One of the main changes will see the automatic disqualification regime extended to ‘senior managers’ – at the moment it is limited to trustees but from 1 August, those in the role of chief executive or finance director (or equivalent) will also be affected.
Disqualification won’t depend on the title of the post but on the responsibilities and accountability of the actual role. Our guidance for individuals gives some detailed help with these definitions. It’s important to be clear that no restrictions apply to these senior manager roles until 1 August 2018.
The other main change is that there will be more reasons for automatic disqualification. Below is the basic list of reasons, it includes both the current ones and the new ones that take effect in August. The list below is a summary version, if you think any of these might apply to you, check the disqualifying reasons table in the guidance for individuals.
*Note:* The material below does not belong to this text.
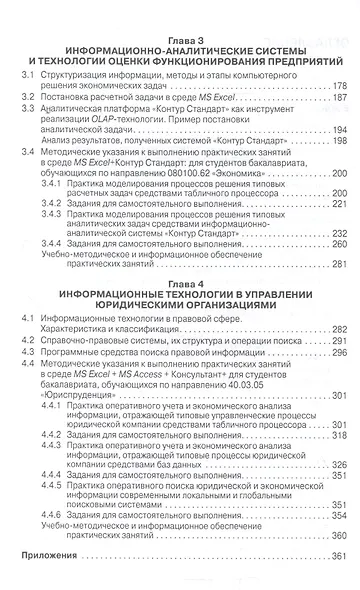 Современные информационные технологии в управлении экономической деятельностью (теория и практика) - фото 3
List of reasons for disqualification: those marked * are new and only apply from 1 August 2018
- being on the Sex Offenders’ Register*
- unspent conviction for an offence involving
- deception or dishonesty
- terrorist offences*
- money laundering*
- misconduct in public office*, perjury*, perverting the course of justice*
- contravention of certain preventative Orders of the Charity Commission (s.77 of the Charities Act 2011)*
- attempting, aiding or abetting these offences*
- contempt of court*
- designation under specific anti-terrorist legislation*
- found guilty by the High court of disobeying a Commission order or direction*
- removed from:
- trusteeship, or as an officer*, agent* or employee* of a charity by the Court or the Commission for misconduct or mismanagement
- a position of management or control of a charity in Scotland for mismanagement or misconduct
- disqualification order under the Company Directors Disqualification Act 1986
- undischarged bankruptcy
- composition or arrangement with creditors which includes an individual voluntary arrangement (IVA), and is currently on the Insolvency Service Register
If you think that you’ll be disqualified because of any of the new restrictions, remember that the disqualification doesn’t take effect until 1 August 2018. You have time before then to double check that you’ll be disqualified (and take legal advice if you need to).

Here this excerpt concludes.